La responsabilité de gérer le recyclage et les ordures relève des organisateurs, soutient François­ Méthot-Borduas, directeur des travaux publics de la Ville de Granby. « Ils nous disent ce dont ils ont besoin et on leur fournit le matériel. On ne s’occupe pas de gérer les matières résiduelles », dit le patron du service qui délivre les permis pour tenir des événements.

Des employés du service ont noté des « lacunes », a-t-il fait remarquer lorsque joint en fin d’après-midi lundi. Il n’a pu les commenter, affirmant vouloir recueillir plus d’informations. Il entend faire un bilan de l’événement avec son équipe. « On va voir ce que la Ville peut faire pour accompagner les organisateurs pour améliorer la situation », a-t-il mentionné.

M. Méthot-Borduas, qui est nouvellement arrivé en poste, a dit ignorer si les demandeurs devaient présenter un plan de gestion des matières résiduelles pour obtenir un permis. Il allait s’informer.

Paradoxalement, dans le container réservé aux déchets, plusieurs sacs remplis de verres en carton et de bouteilles de plastique, des objets recyclables, y avaient été placés. Ce conteneur prendre aussi le chemin du dépotoir.

« On doit faire mieux » 

Éric Fleury l’admet d’emblée : la gestion du recyclage au Demi-marathon de Granby (DMG) est déficiente. 

« On n’a peut-être pas les bons bacs. Les gens sont confus. On a un travail de sensibilisation à faire, c’est certain.

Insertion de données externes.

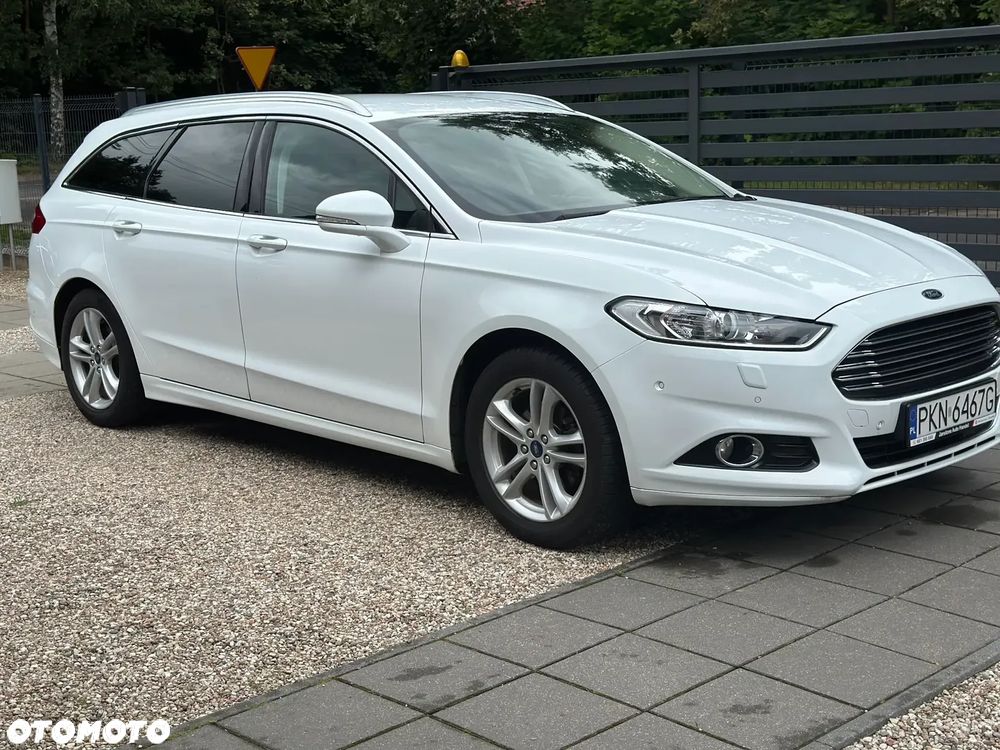 Ford Mondeo 2.0 TDCi Titanium PowerShift - 11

On doit faire mieux », indique le codirecteur des Courses thématiques, le groupe qui organise l’événement en partenariat avec le directeur général du DMG, Stéphane Aubin.

Faisant remarquer qu’il s’agit de la première année que son organisation est impliquée dans l’événement, M. Fleury a assuré qu’il allait prendre des mesures pour éviter une répétition du problème en octobre 2018, lors de la présentation du 12e DMG. « On va mieux renseigner les gens et on va mieux identifier les bacs », a-t-il dit.

Les Courses thématiques font affaire avec des consultants pour réduire leur empreinte éco-logique dans leurs autres courses, a indiqué Éric Fleury. Des progrès notables ont été enregistrés ces dernières années au Tour du lac Brome, après une année difficile en 2012 où tout le recyclage avait été acheminé au site d’enfouissement.

Les organisateurs du Tour du lac Brome ont depuis équipé tous les bacs bleus sur le site d’un couvercle muni d’un orifice et d’une affiche identifiant clairement les objets recyclables permis (bouteilles d’eau, verres, ustensiles de plastique).

« On sait ce qu’on doit faire. On va être capables de corriger la situation. On a réussi au lac Brome », assure M. Fleury.